(Beginning of DATA FOR THIS EXERCISE)
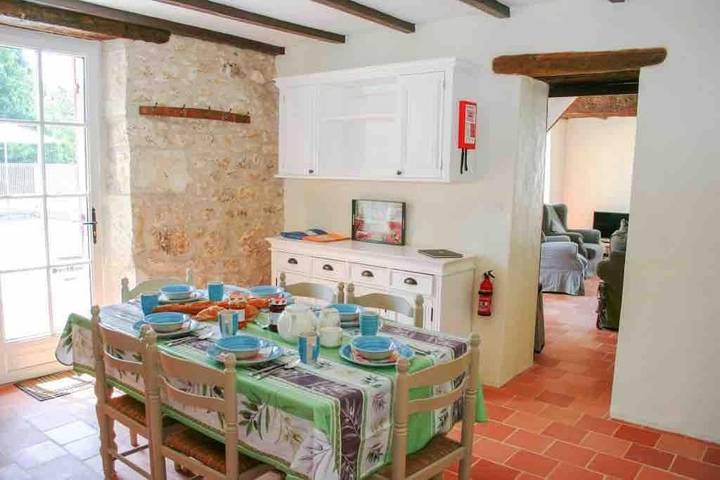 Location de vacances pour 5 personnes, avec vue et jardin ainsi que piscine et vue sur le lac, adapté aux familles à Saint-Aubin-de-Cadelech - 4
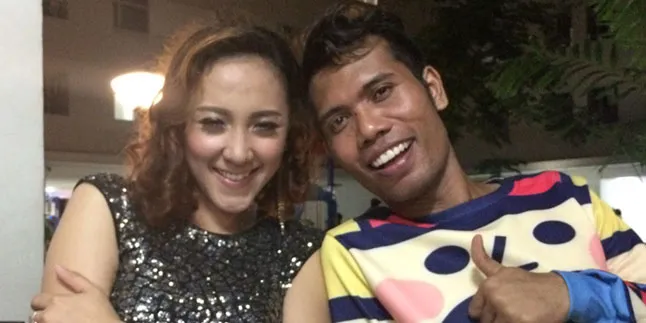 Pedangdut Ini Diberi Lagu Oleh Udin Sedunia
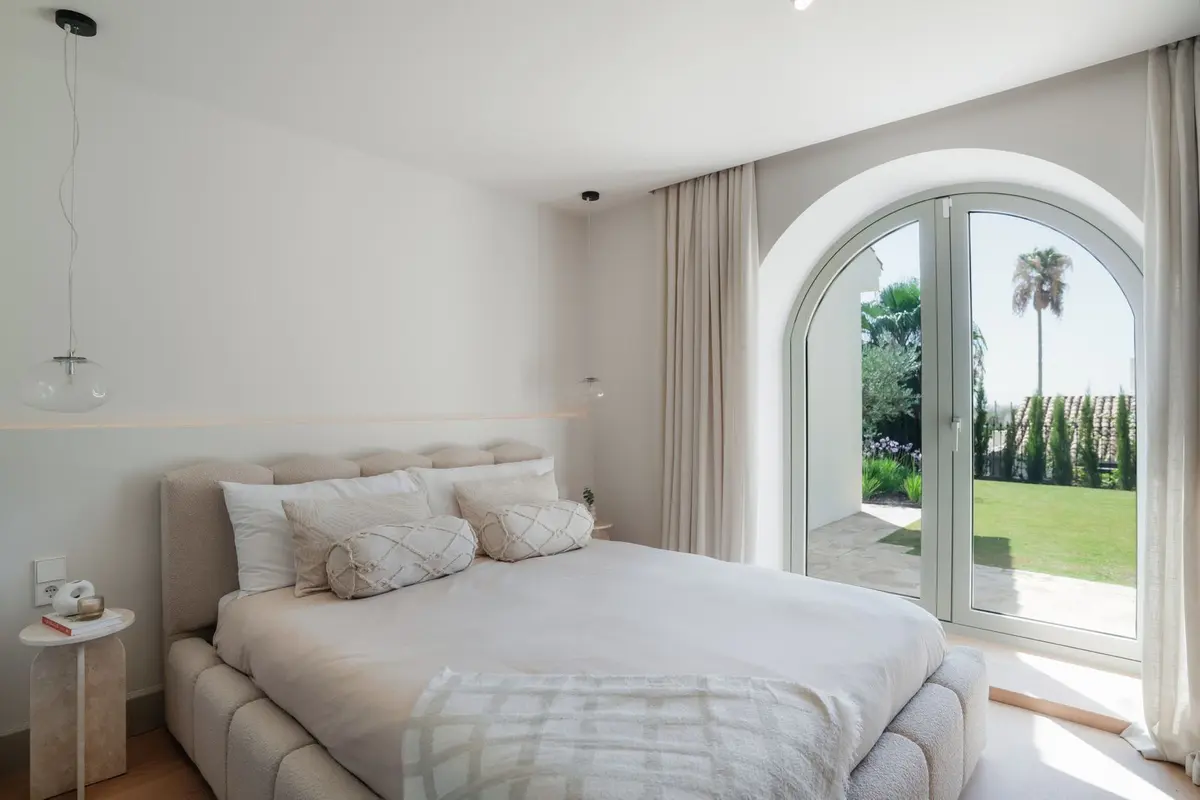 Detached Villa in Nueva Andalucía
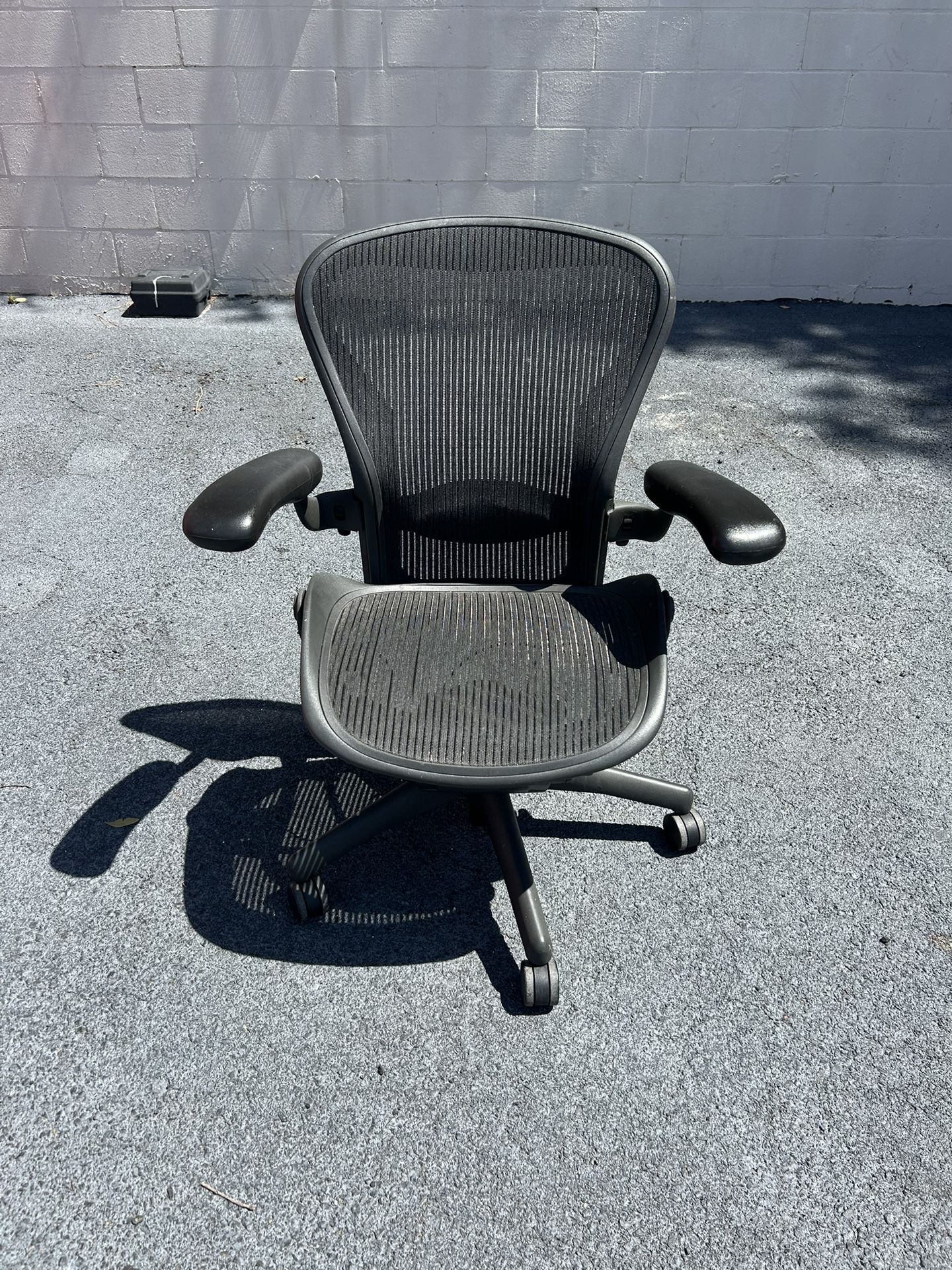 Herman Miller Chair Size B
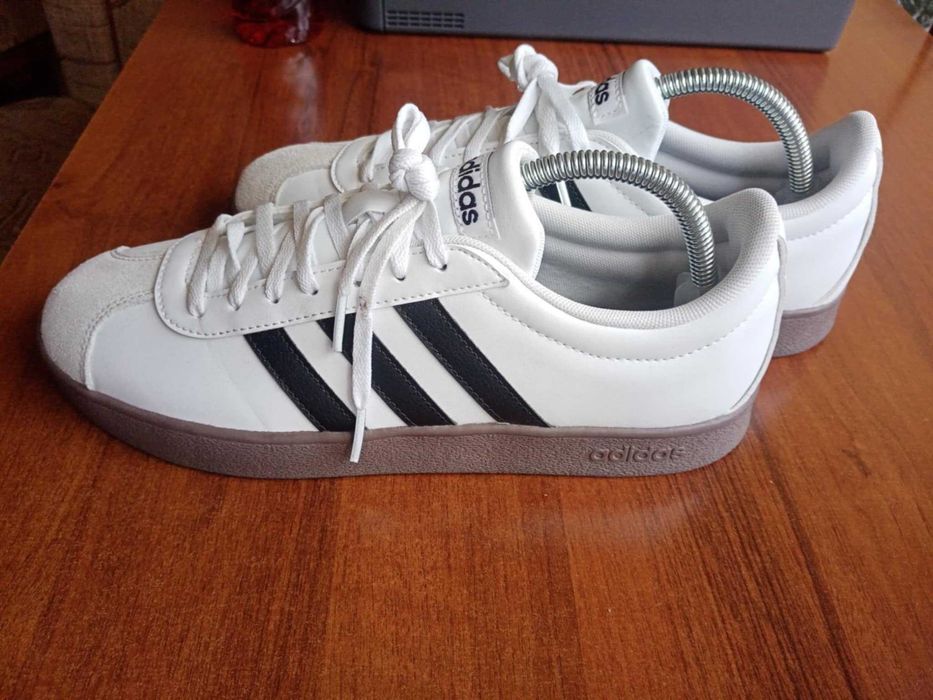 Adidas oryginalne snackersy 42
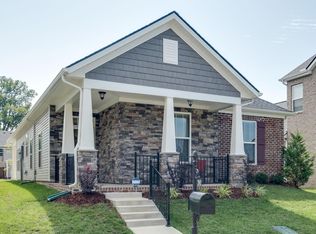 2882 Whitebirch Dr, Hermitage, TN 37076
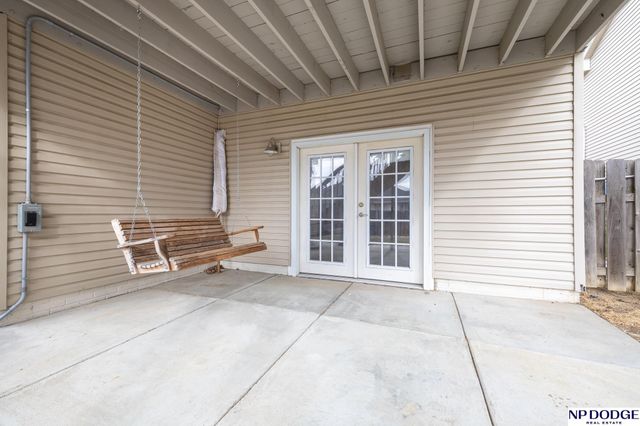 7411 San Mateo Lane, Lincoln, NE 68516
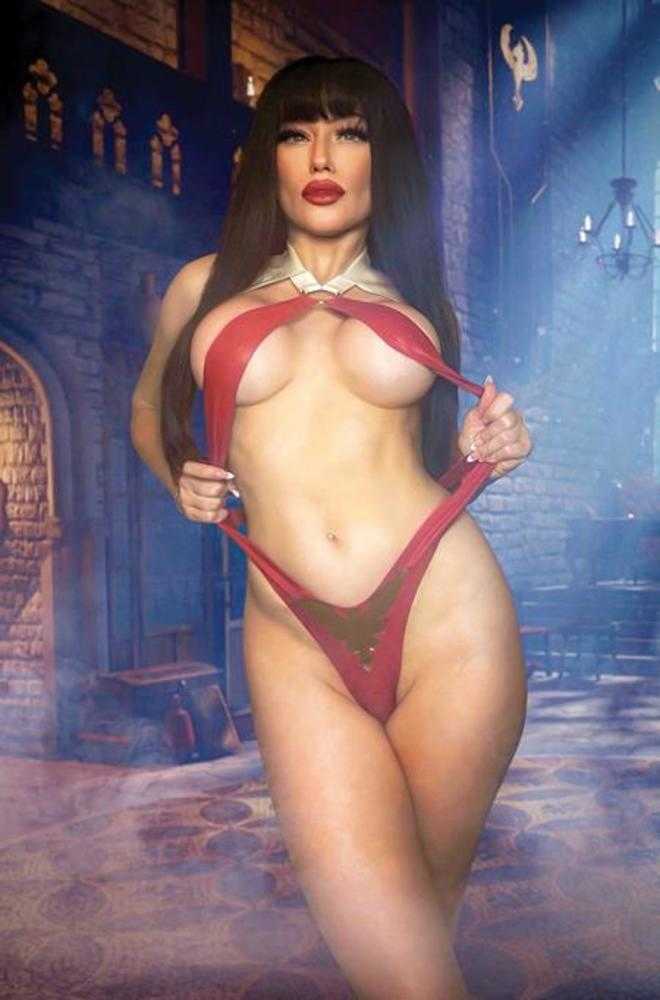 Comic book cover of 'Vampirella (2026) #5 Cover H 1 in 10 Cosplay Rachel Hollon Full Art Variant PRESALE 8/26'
(End of DATA FOR THIS EXERCISE)
(Beginning of DATA FOR THIS EXERCISE)
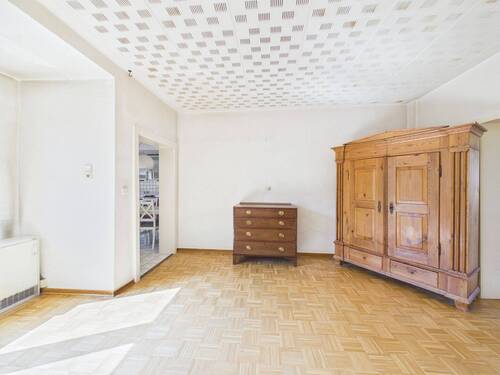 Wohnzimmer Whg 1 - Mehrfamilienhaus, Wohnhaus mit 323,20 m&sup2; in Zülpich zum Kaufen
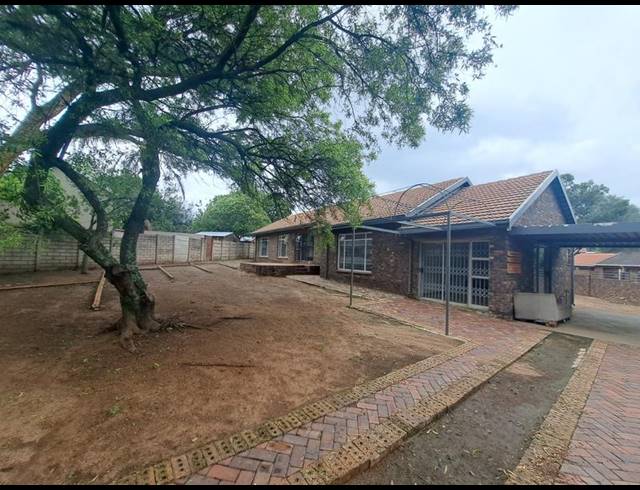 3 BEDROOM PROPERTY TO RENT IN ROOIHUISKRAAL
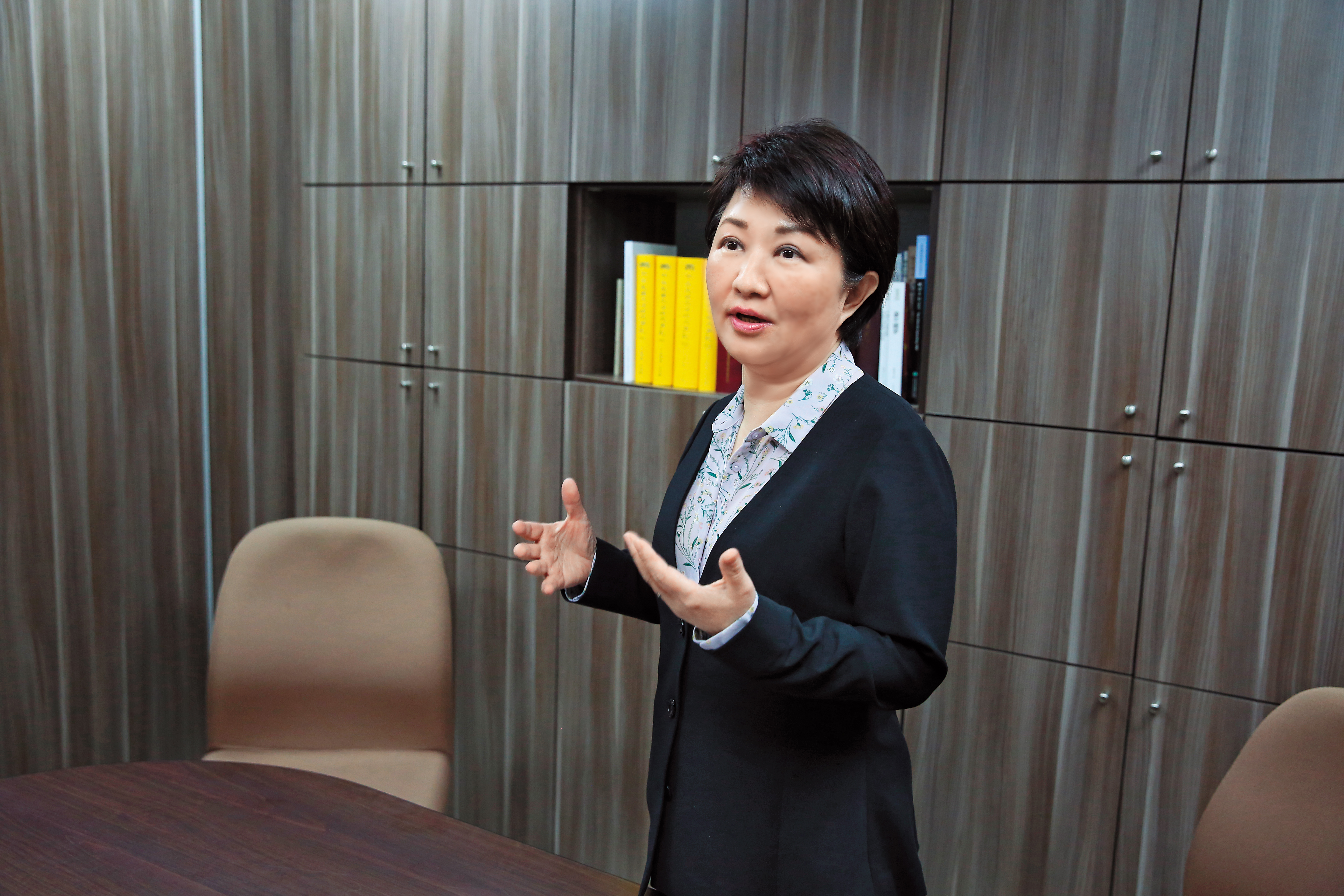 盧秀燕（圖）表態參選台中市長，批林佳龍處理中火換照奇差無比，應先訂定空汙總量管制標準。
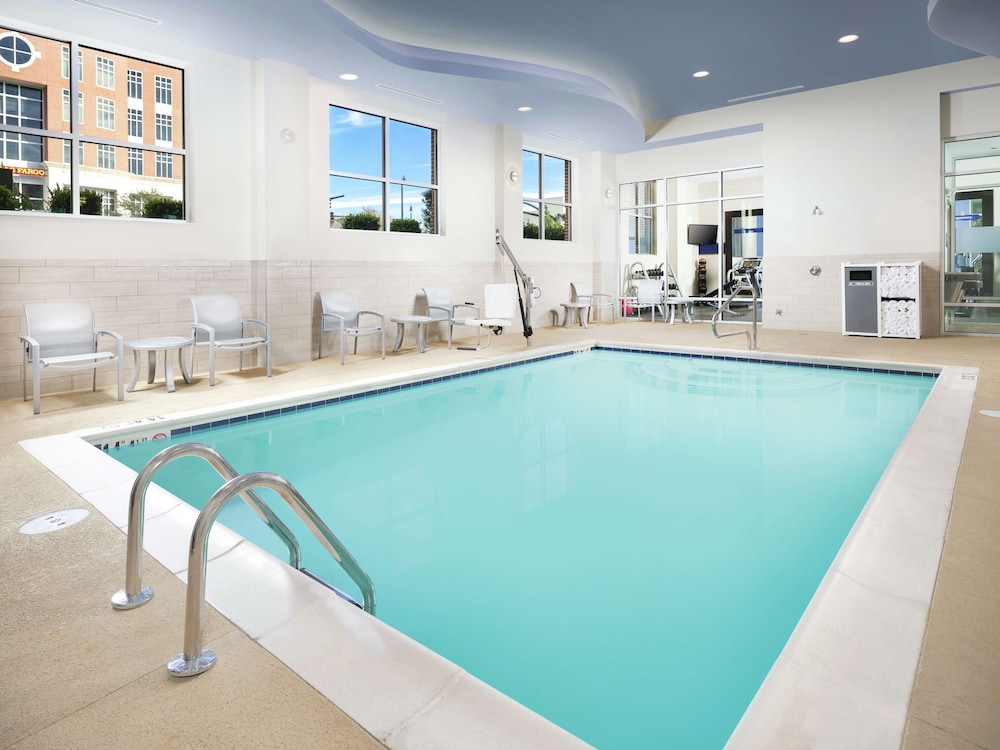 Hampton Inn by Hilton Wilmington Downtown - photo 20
(End of DATA FOR THIS EXERCISE)
PROBLEM
Give the lines above again exactly, from the one containing "Location de vacances" to the one containing "Comic book cover", both included, but leave out the pictures.

RESULT OF THE EXERCISE
 Location de vacances pour 5 personnes, avec vue et jardin ainsi que piscine et vue sur le lac, adapté aux familles à Saint-Aubin-de-Cadelech - 4
 Pedangdut Ini Diberi Lagu Oleh Udin Sedunia
 Detached Villa in Nueva Andalucía
 Herman Miller Chair Size B
 Adidas oryginalne snackersy 42
 2882 Whitebirch Dr, Hermitage, TN 37076
 7411 San Mateo Lane, Lincoln, NE 68516
 Comic book cover of 'Vampirella (2026) #5 Cover H 1 in 10 Cosplay Rachel Hollon Full Art Variant PRESALE 8/26'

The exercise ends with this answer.